● AIM OF THE TASK: Extract, exactly as written, the line that contains "Thợ sửa tivi tại nhà tại phường Tân Thuận" and all lines after it through the end of the records. Omit pictures.

● RECORDS TO USE:
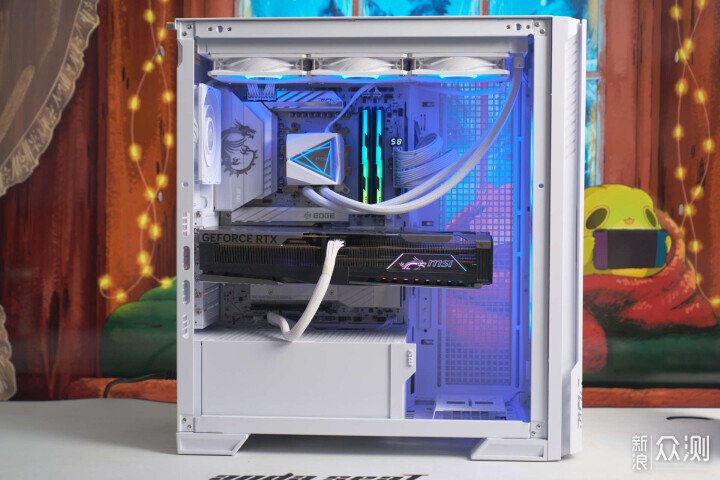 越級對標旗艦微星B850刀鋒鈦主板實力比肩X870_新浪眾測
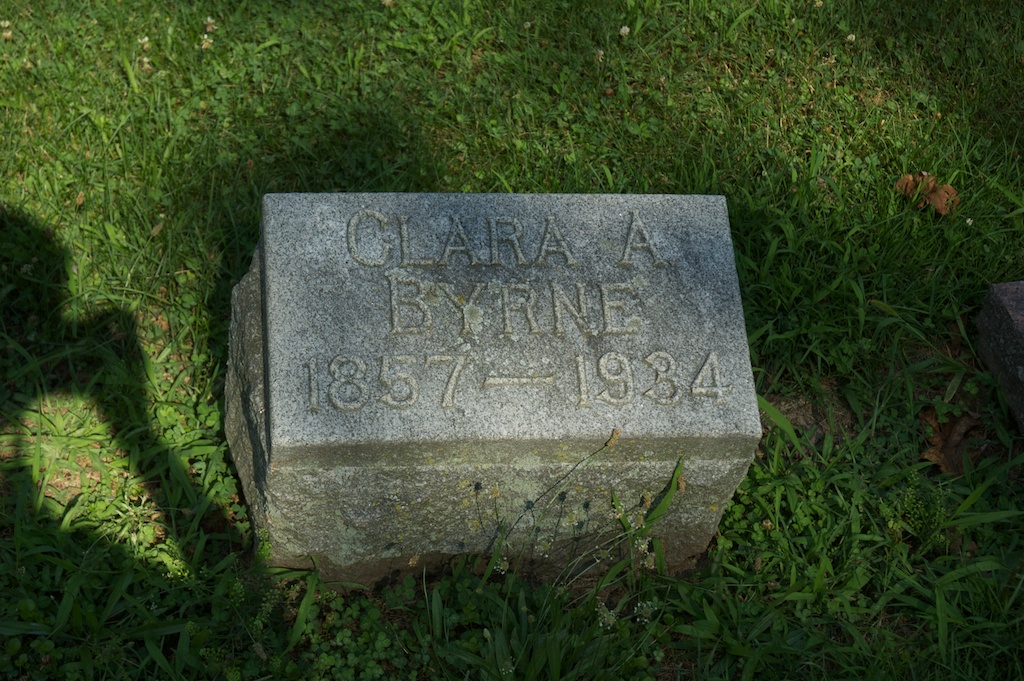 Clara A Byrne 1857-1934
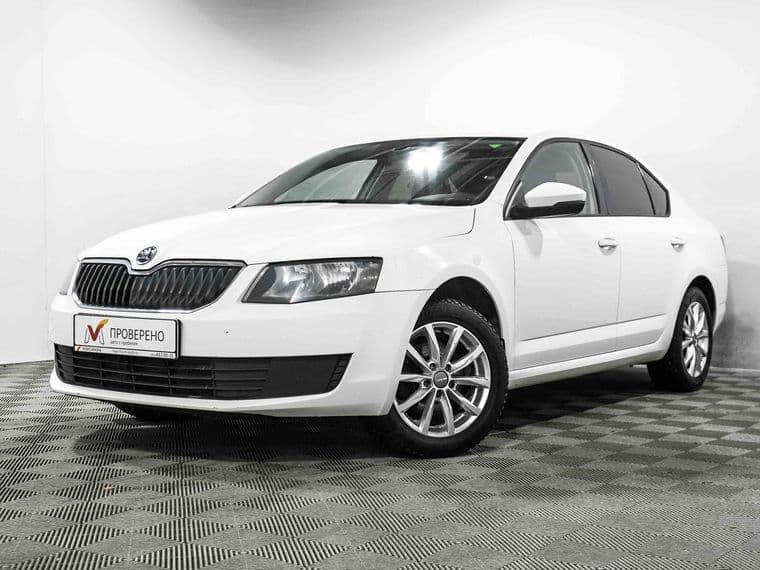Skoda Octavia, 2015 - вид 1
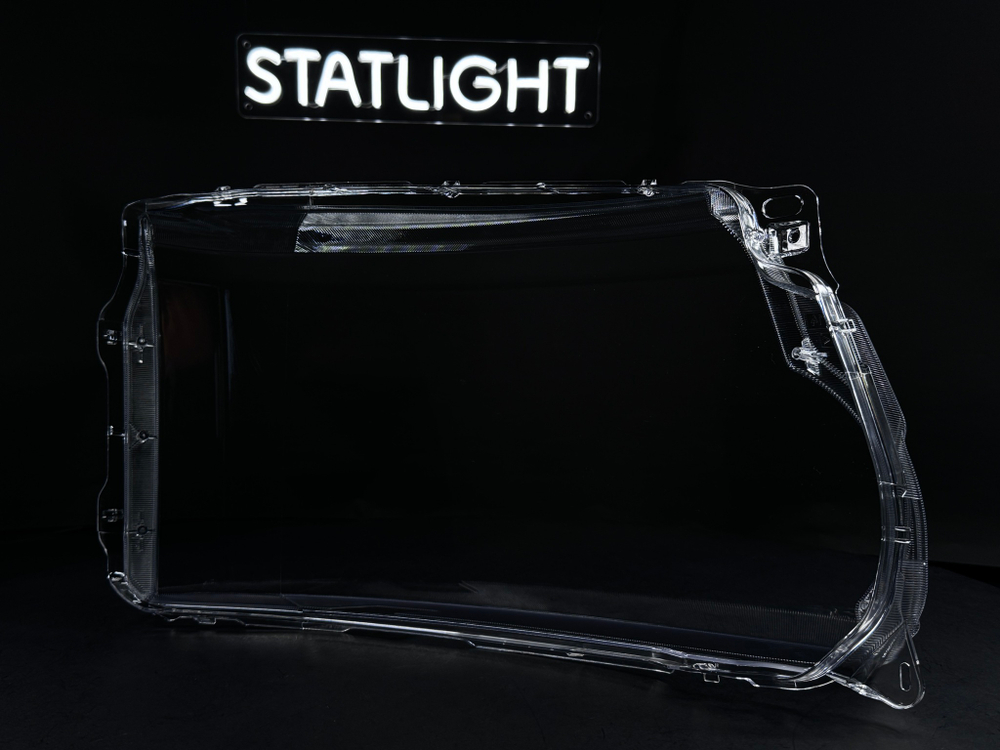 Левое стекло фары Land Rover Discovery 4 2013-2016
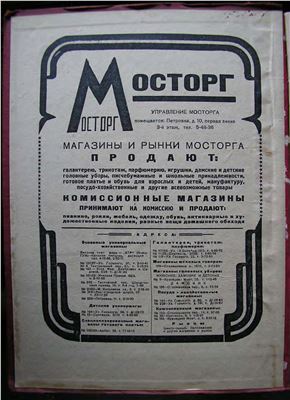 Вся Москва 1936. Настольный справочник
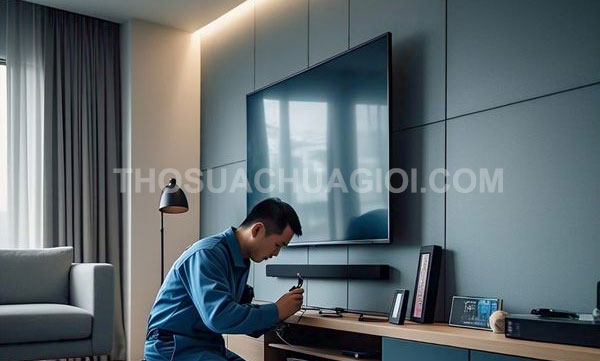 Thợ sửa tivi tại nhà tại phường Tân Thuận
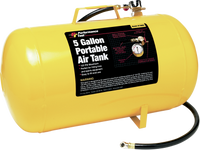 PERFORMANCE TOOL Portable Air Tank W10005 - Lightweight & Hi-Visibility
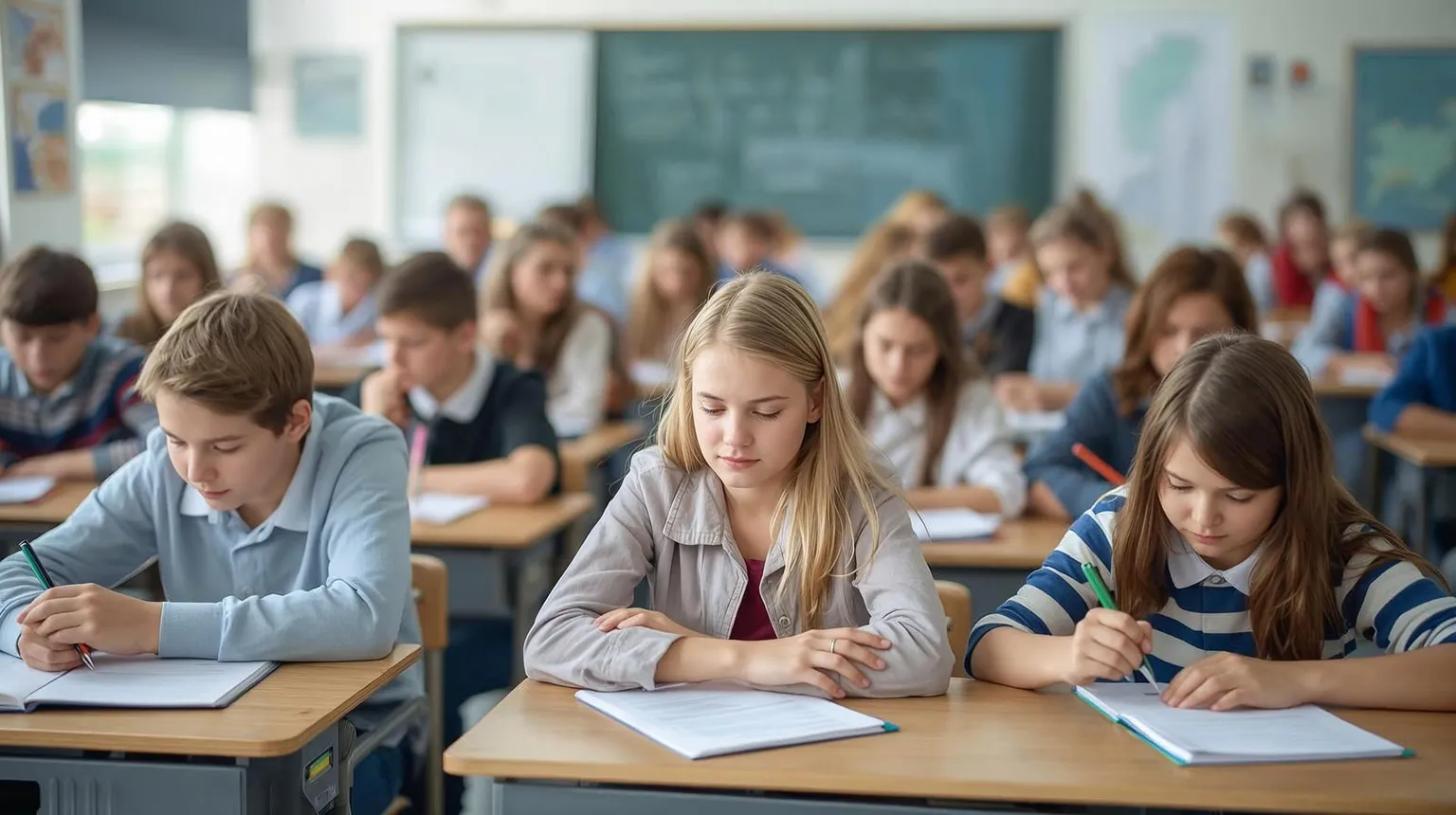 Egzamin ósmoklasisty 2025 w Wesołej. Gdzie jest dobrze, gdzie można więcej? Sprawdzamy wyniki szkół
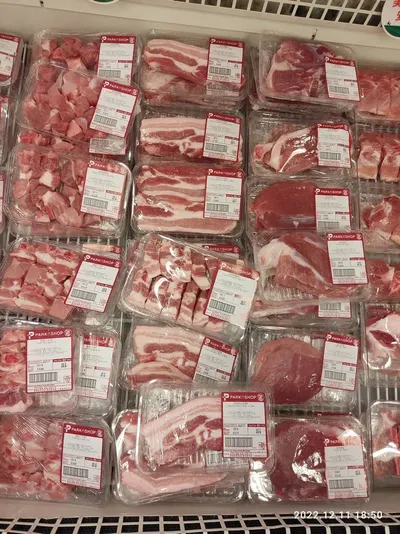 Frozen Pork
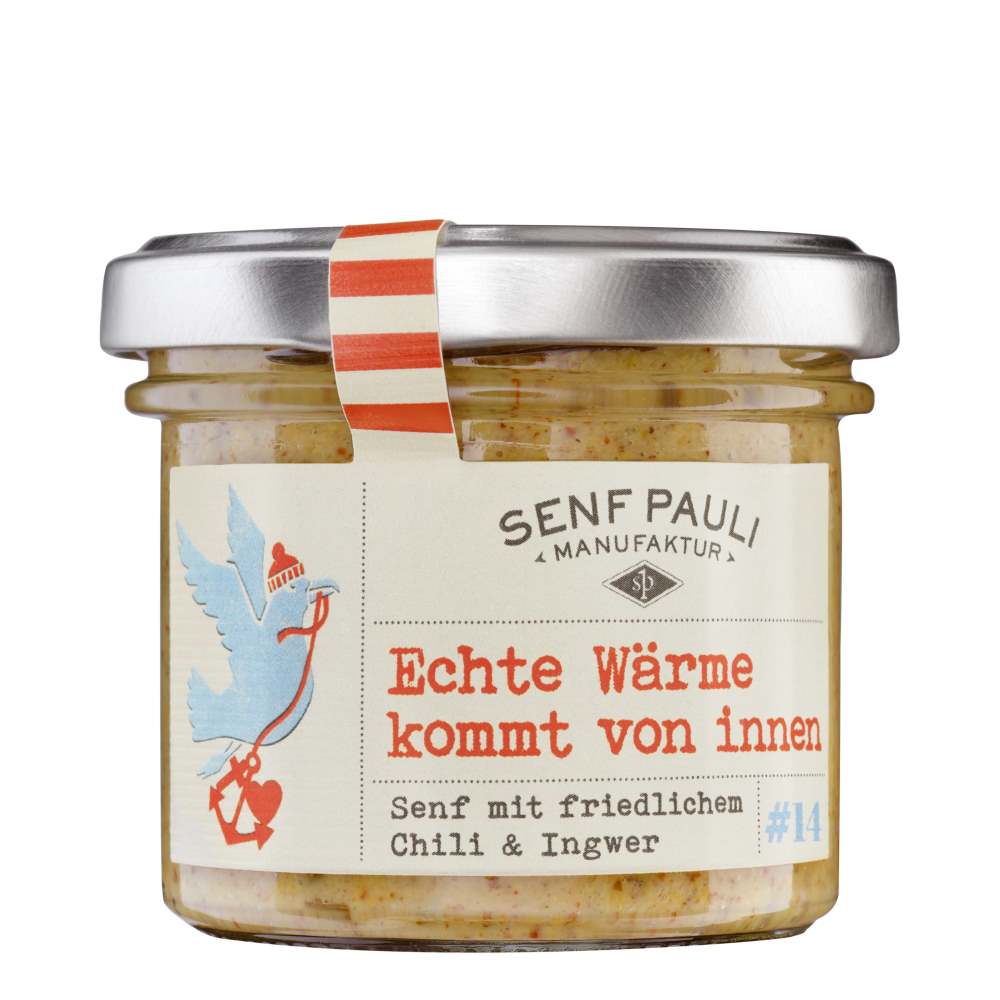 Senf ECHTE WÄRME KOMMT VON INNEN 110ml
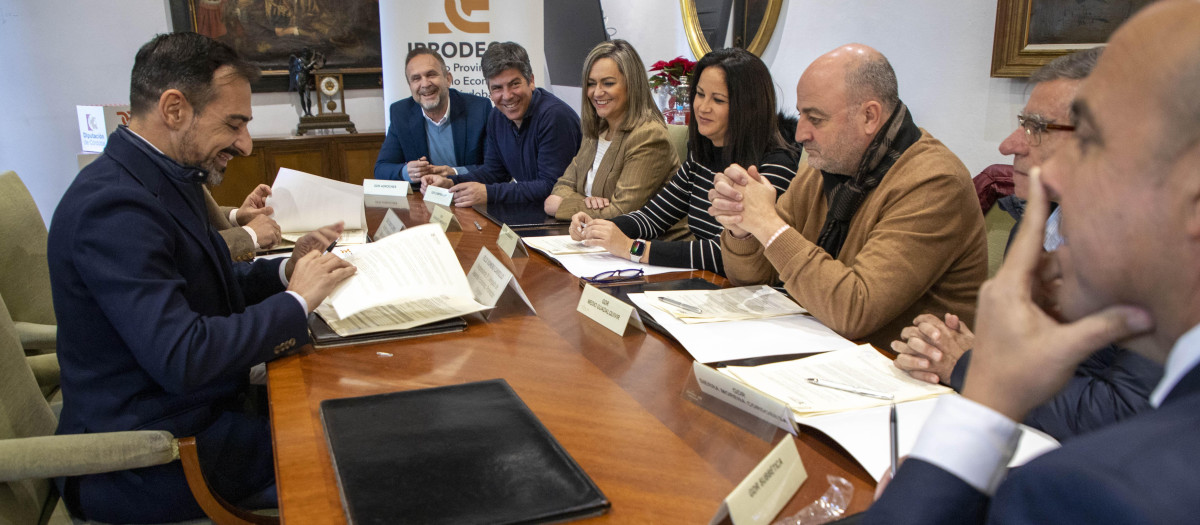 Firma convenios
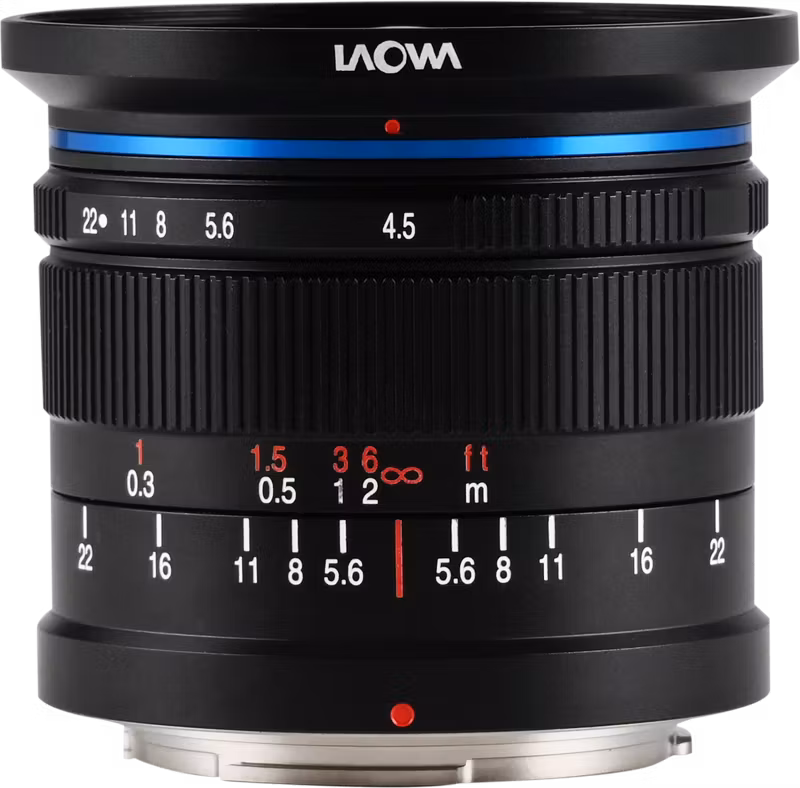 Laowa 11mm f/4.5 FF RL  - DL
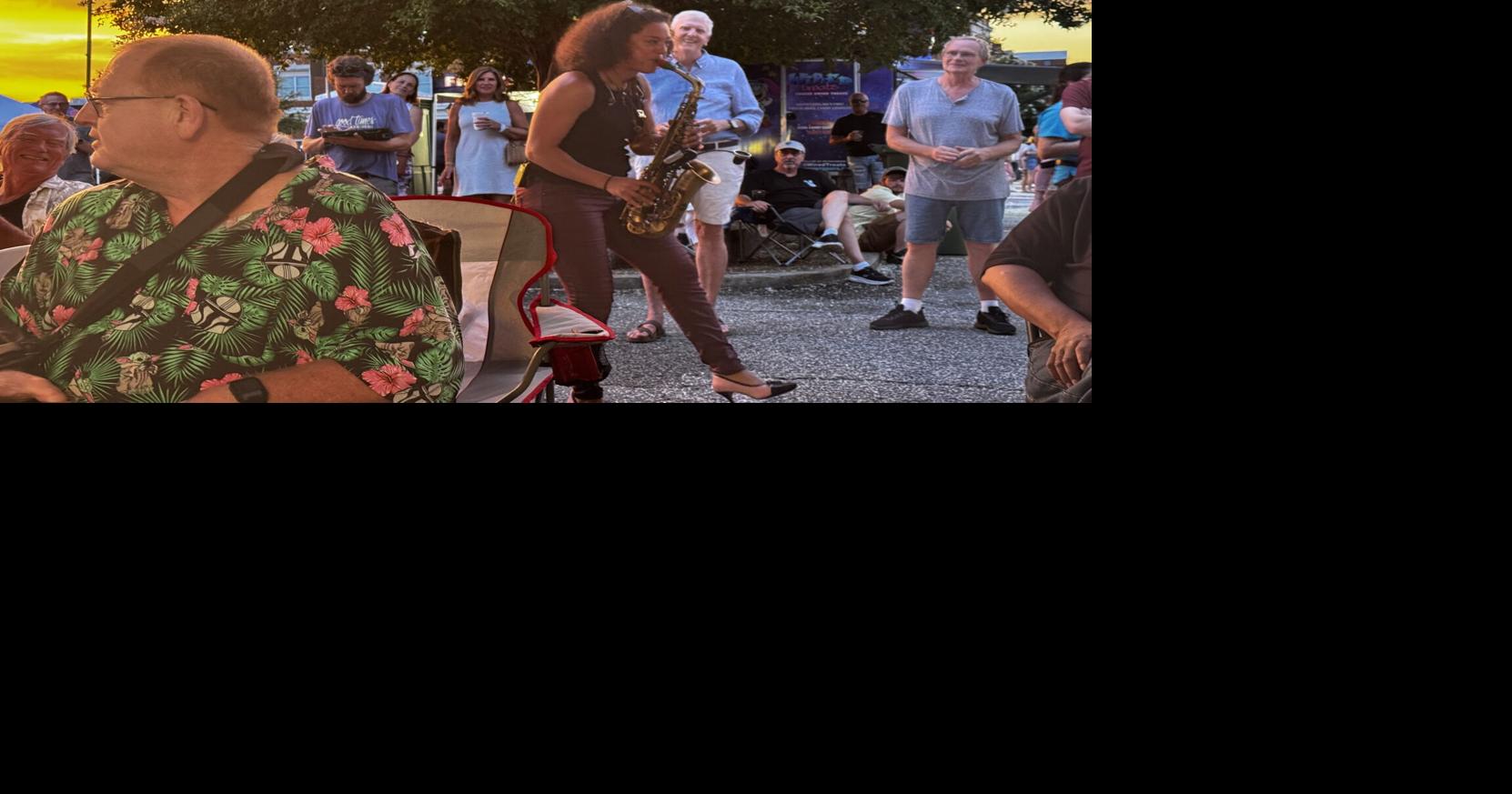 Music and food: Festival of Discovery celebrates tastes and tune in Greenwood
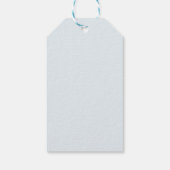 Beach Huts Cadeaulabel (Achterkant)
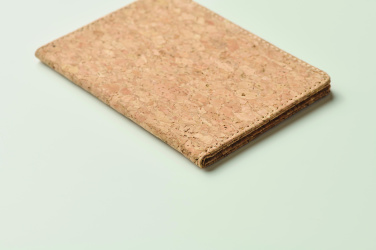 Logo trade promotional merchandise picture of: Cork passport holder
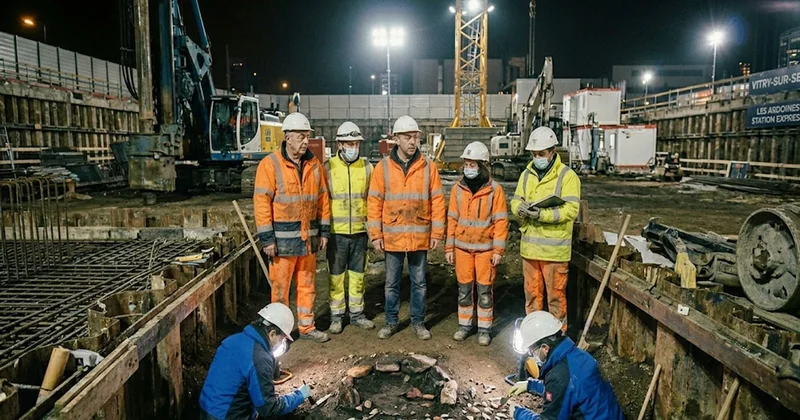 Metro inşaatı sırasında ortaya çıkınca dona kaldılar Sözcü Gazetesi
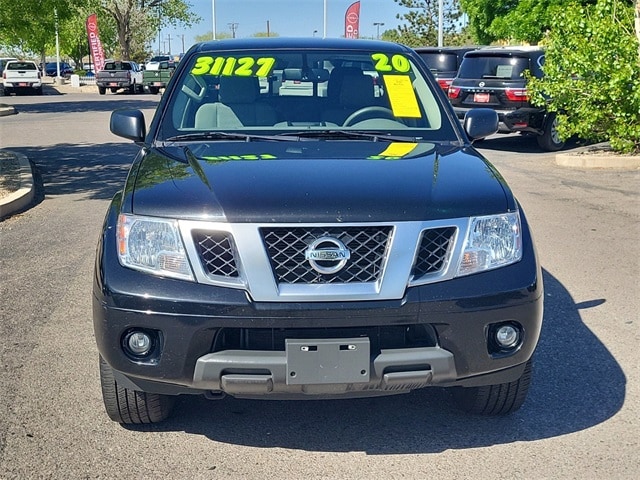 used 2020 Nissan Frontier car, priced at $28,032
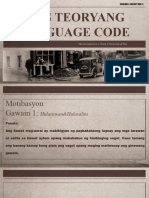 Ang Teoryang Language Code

● REPLY TO THE TASK:
 Thợ sửa tivi tại nhà tại phường Tân Thuận
 PERFORMANCE TOOL Portable Air Tank W10005 - Lightweight & Hi-Visibility
 Egzamin ósmoklasisty 2025 w Wesołej. Gdzie jest dobrze, gdzie można więcej? Sprawdzamy wyniki szkół
 Frozen Pork
 Senf ECHTE WÄRME KOMMT VON INNEN 110ml
 Firma convenios
 Laowa 11mm f/4.5 FF RL  - DL
 Music and food: Festival of Discovery celebrates tastes and tune in Greenwood
 Beach Huts Cadeaulabel (Achterkant)
 Logo trade promotional merchandise picture of: Cork passport holder
 Metro inşaatı sırasında ortaya çıkınca dona kaldılar Sözcü Gazetesi
 used 2020 Nissan Frontier car, priced at $28,032
 Ang Teoryang Language Code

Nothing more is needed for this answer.